Pictures in the records are to be excluded from an otherwise exact copy.

#### Available data:
= = = = =

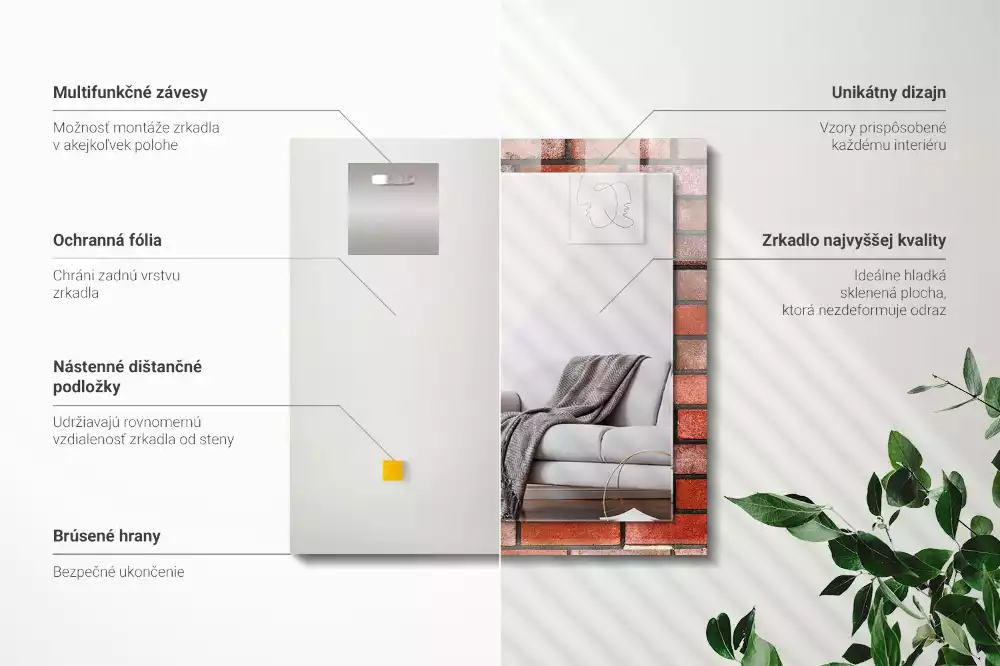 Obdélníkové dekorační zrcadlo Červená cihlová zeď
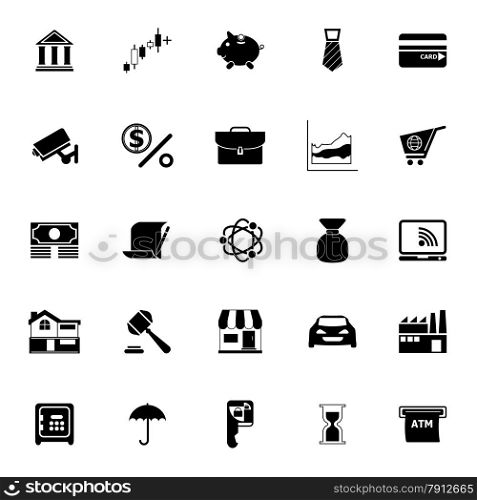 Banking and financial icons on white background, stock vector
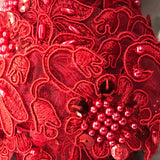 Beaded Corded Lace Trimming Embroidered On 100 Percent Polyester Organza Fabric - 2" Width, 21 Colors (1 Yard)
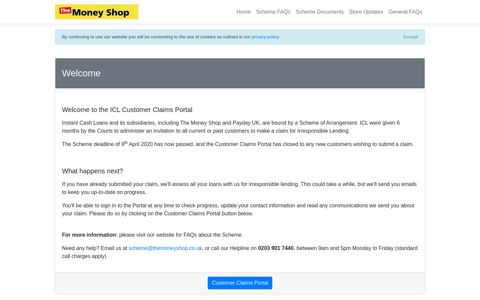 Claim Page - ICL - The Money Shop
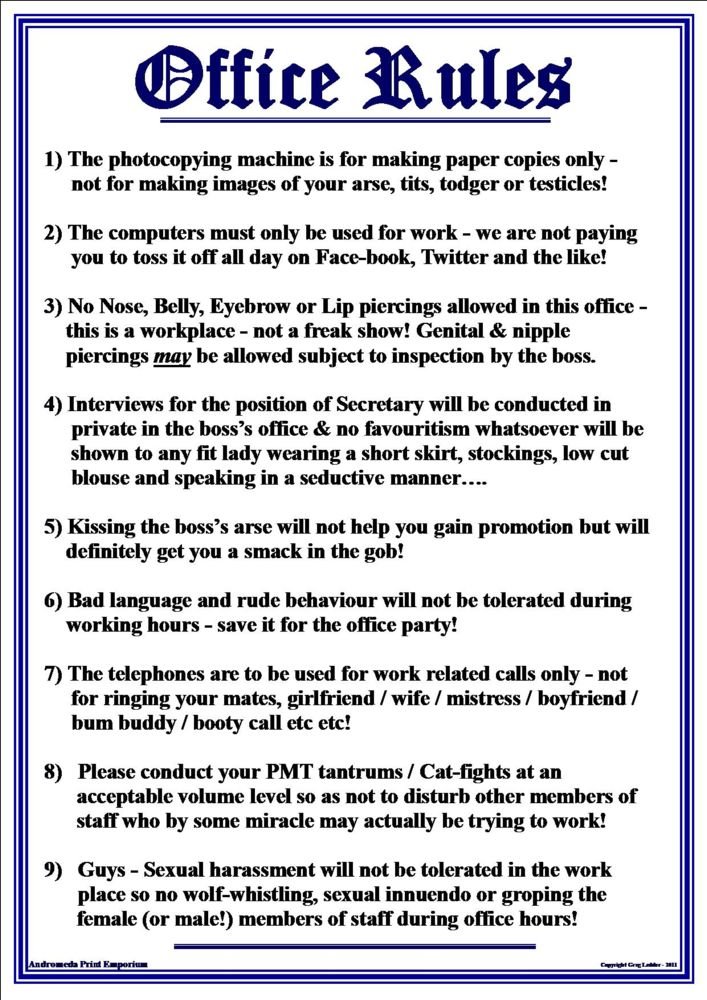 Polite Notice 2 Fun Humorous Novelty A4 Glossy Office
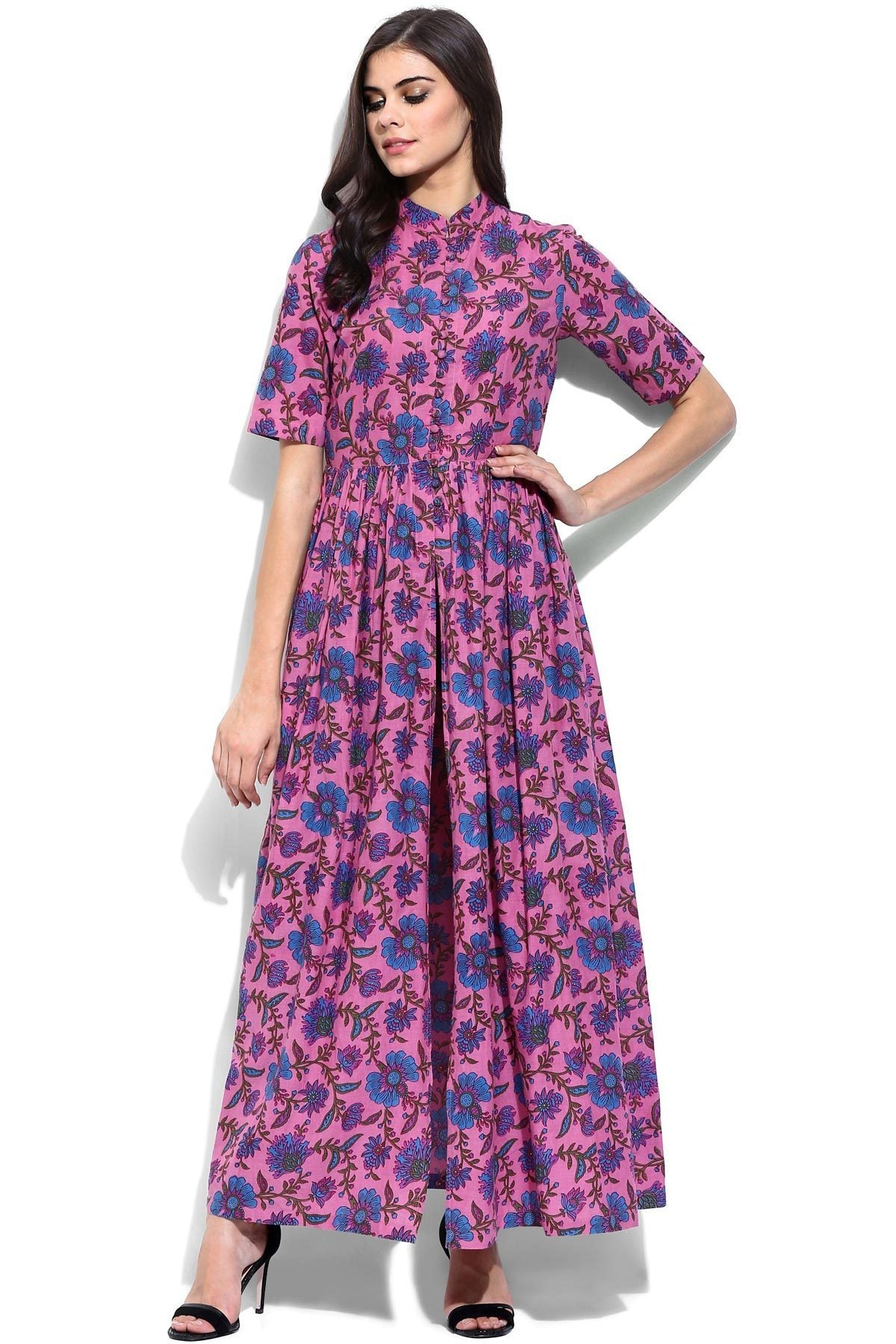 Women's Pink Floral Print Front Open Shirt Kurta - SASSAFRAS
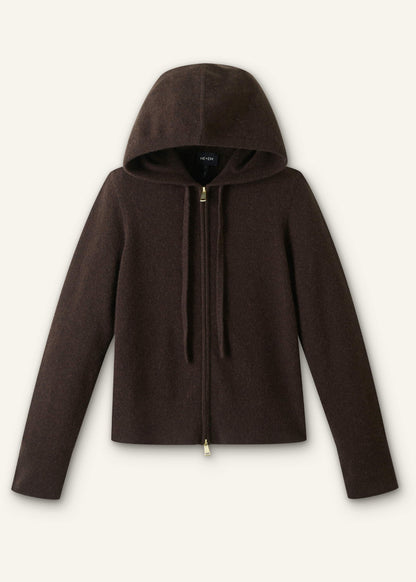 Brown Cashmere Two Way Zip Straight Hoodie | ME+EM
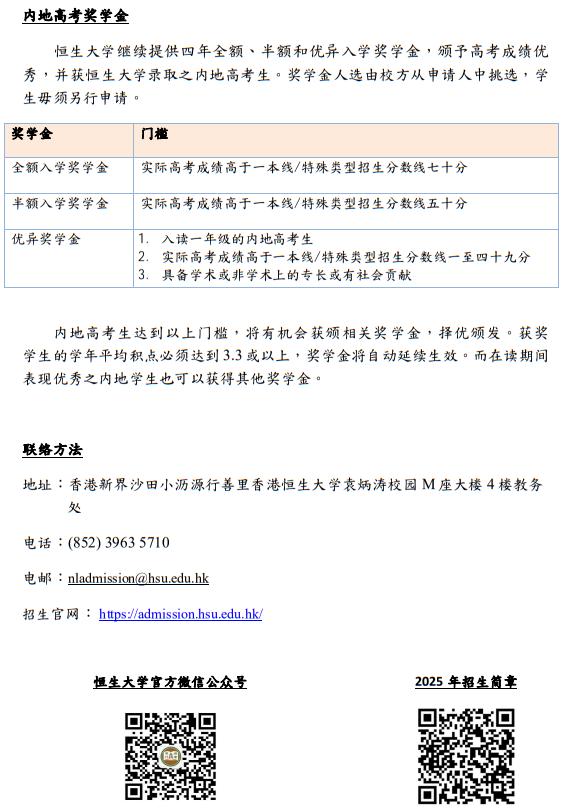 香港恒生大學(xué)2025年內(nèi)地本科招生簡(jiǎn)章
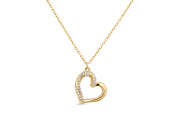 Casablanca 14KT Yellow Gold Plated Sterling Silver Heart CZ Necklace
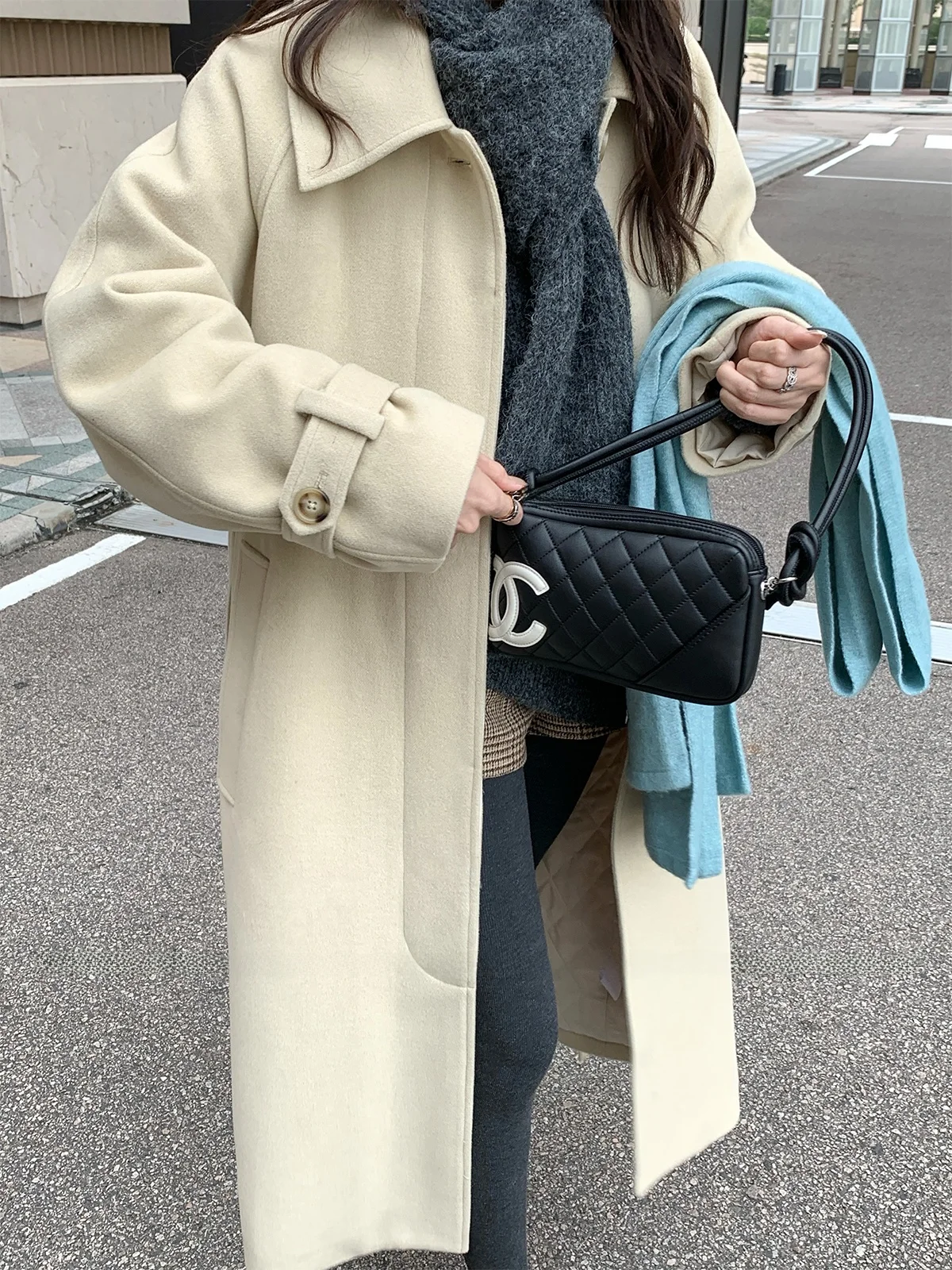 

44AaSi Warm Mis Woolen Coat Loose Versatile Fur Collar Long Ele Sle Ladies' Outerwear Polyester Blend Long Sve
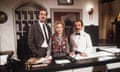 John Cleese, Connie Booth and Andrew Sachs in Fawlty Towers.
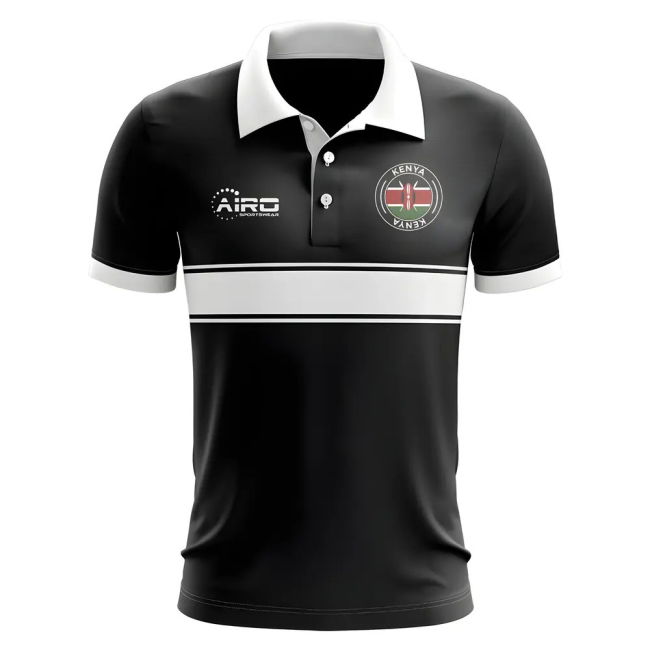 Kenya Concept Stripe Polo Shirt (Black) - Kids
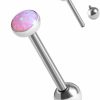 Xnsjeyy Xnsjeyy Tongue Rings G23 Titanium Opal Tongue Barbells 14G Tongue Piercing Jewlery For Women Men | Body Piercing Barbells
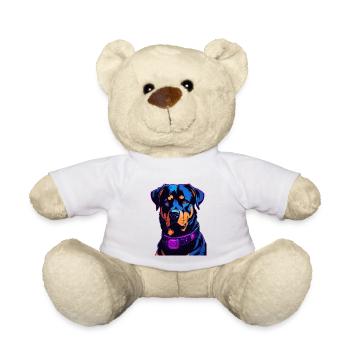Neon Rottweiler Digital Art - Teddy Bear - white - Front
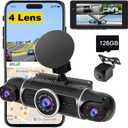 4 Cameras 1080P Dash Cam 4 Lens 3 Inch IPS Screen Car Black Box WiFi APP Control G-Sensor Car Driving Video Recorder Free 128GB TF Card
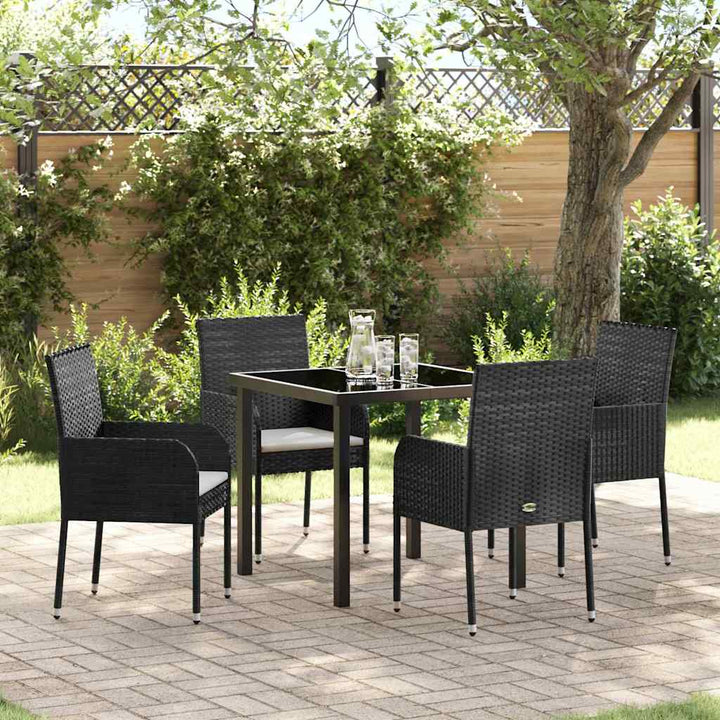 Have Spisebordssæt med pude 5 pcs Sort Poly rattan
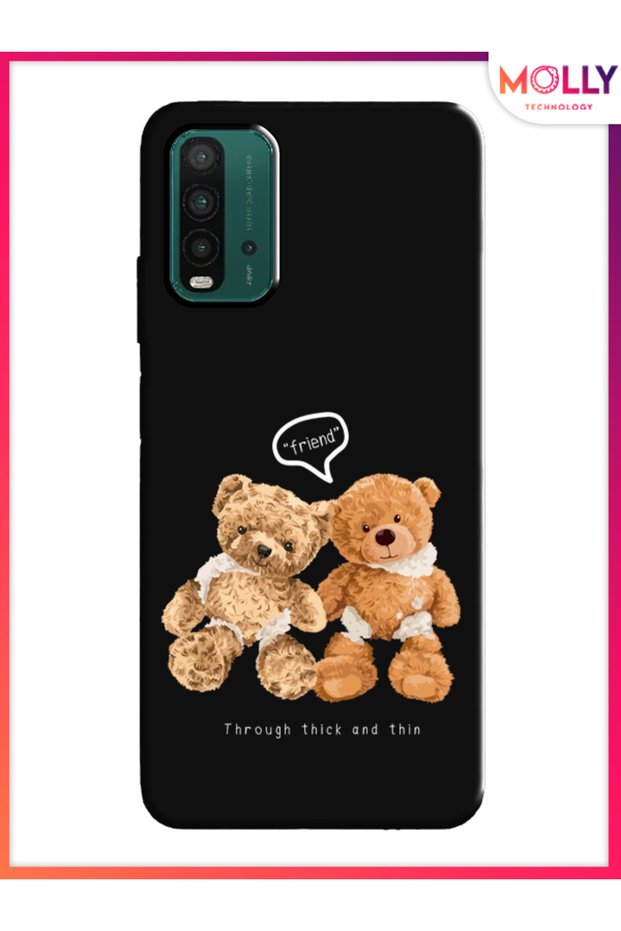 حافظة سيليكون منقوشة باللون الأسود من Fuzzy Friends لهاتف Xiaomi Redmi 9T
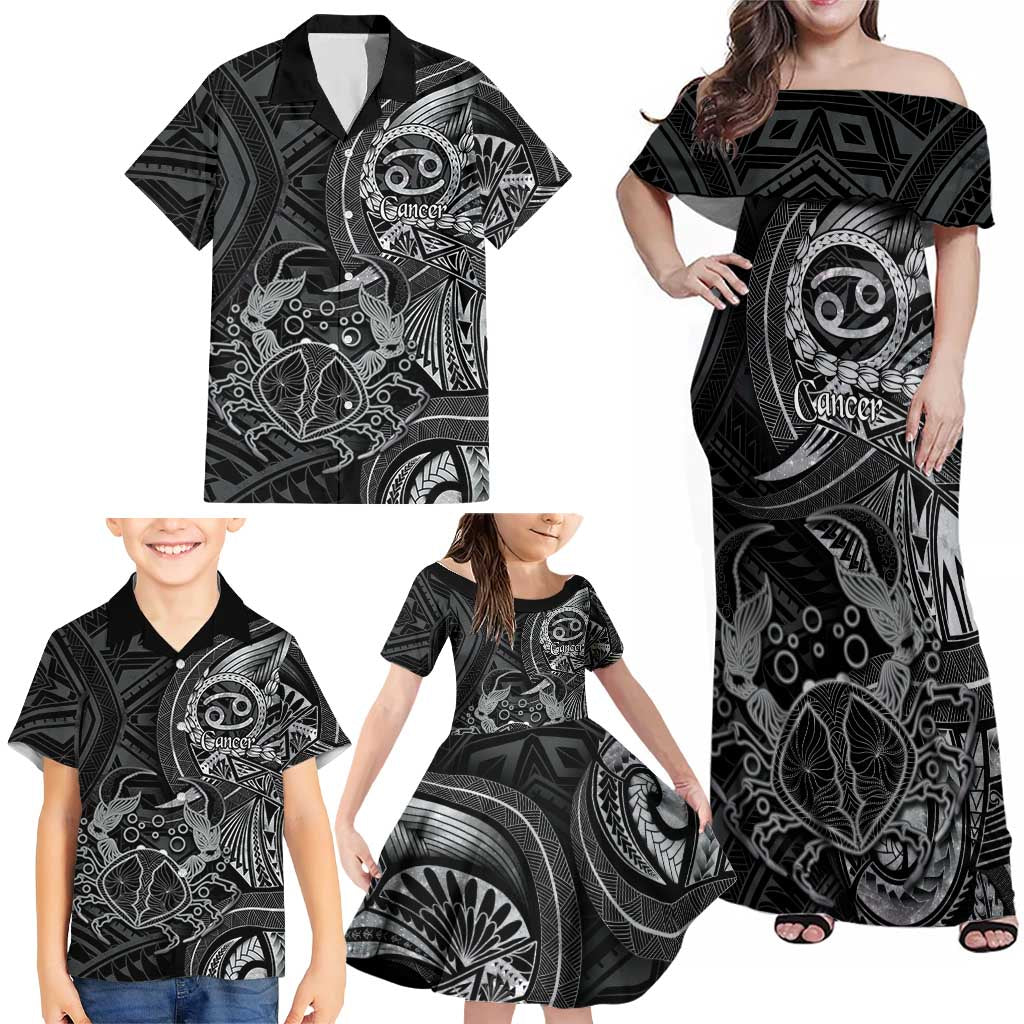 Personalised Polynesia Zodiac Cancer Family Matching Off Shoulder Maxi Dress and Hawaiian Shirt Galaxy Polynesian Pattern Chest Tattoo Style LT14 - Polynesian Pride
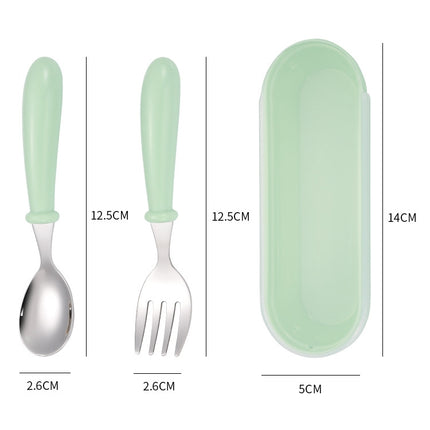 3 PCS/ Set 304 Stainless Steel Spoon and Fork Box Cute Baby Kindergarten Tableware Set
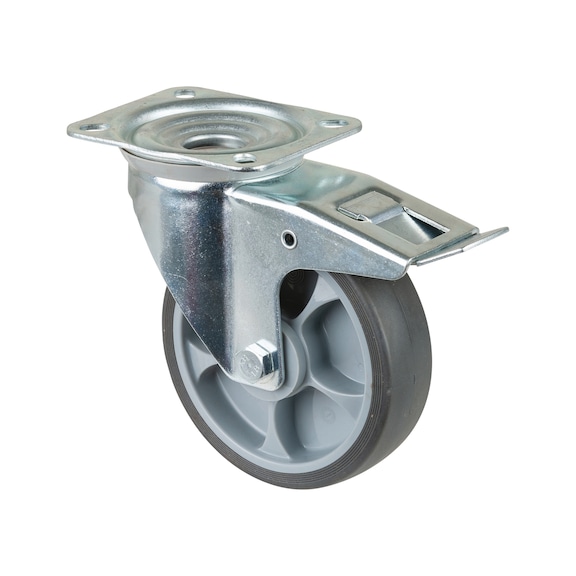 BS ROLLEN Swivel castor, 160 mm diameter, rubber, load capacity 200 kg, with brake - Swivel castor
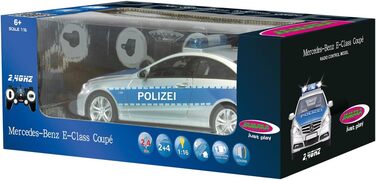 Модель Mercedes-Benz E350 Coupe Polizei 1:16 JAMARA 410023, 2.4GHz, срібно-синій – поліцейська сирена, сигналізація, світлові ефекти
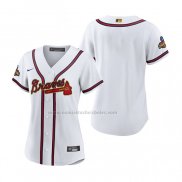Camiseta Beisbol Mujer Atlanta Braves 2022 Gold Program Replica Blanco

= = = = =

#### Task response:
 Obdélníkové dekorační zrcadlo Červená cihlová zeď
 Banking and financial icons on white background, stock vector
 Beaded Corded Lace Trimming Embroidered On 100 Percent Polyester Organza Fabric - 2" Width, 21 Colors (1 Yard)
 Claim Page - ICL - The Money Shop
 Polite Notice 2 Fun Humorous Novelty A4 Glossy Office
 Women's Pink Floral Print Front Open Shirt Kurta - SASSAFRAS
 Brown Cashmere Two Way Zip Straight Hoodie | ME+EM
 香港恒生大學(xué)2025年內(nèi)地本科招生簡(jiǎn)章
 Casablanca 14KT Yellow Gold Plated Sterling Silver Heart CZ Necklace

44AaSi Warm Mis Woolen Coat Loose Versatile Fur Collar Long Ele Sle Ladies' Outerwear Polyester Blend Long Sve
 John Cleese, Connie Booth and Andrew Sachs in Fawlty Towers.
 Kenya Concept Stripe Polo Shirt (Black) - Kids
 Xnsjeyy Xnsjeyy Tongue Rings G23 Titanium Opal Tongue Barbells 14G Tongue Piercing Jewlery For Women Men | Body Piercing Barbells
Neon Rottweiler Digital Art - Teddy Bear - white - Front
 4 Cameras 1080P Dash Cam 4 Lens 3 Inch IPS Screen Car Black Box WiFi APP Control G-Sensor Car Driving Video Recorder Free 128GB TF Card
 Have Spisebordssæt med pude 5 pcs Sort Poly rattan
 حافظة سيليكون منقوشة باللون الأسود من Fuzzy Friends لهاتف Xiaomi Redmi 9T
 Personalised Polynesia Zodiac Cancer Family Matching Off Shoulder Maxi Dress and Hawaiian Shirt Galaxy Polynesian Pattern Chest Tattoo Style LT14 - Polynesian Pride
 3 PCS/ Set 304 Stainless Steel Spoon and Fork Box Cute Baby Kindergarten Tableware Set
 BS ROLLEN Swivel castor, 160 mm diameter, rubber, load capacity 200 kg, with brake - Swivel castor
 Модель Mercedes-Benz E350 Coupe Polizei 1:16 JAMARA 410023, 2.4GHz, срібно-синій – поліцейська сирена, сигналізація, світлові ефекти
Camiseta Beisbol Mujer Atlanta Braves 2022 Gold Program Replica Blanco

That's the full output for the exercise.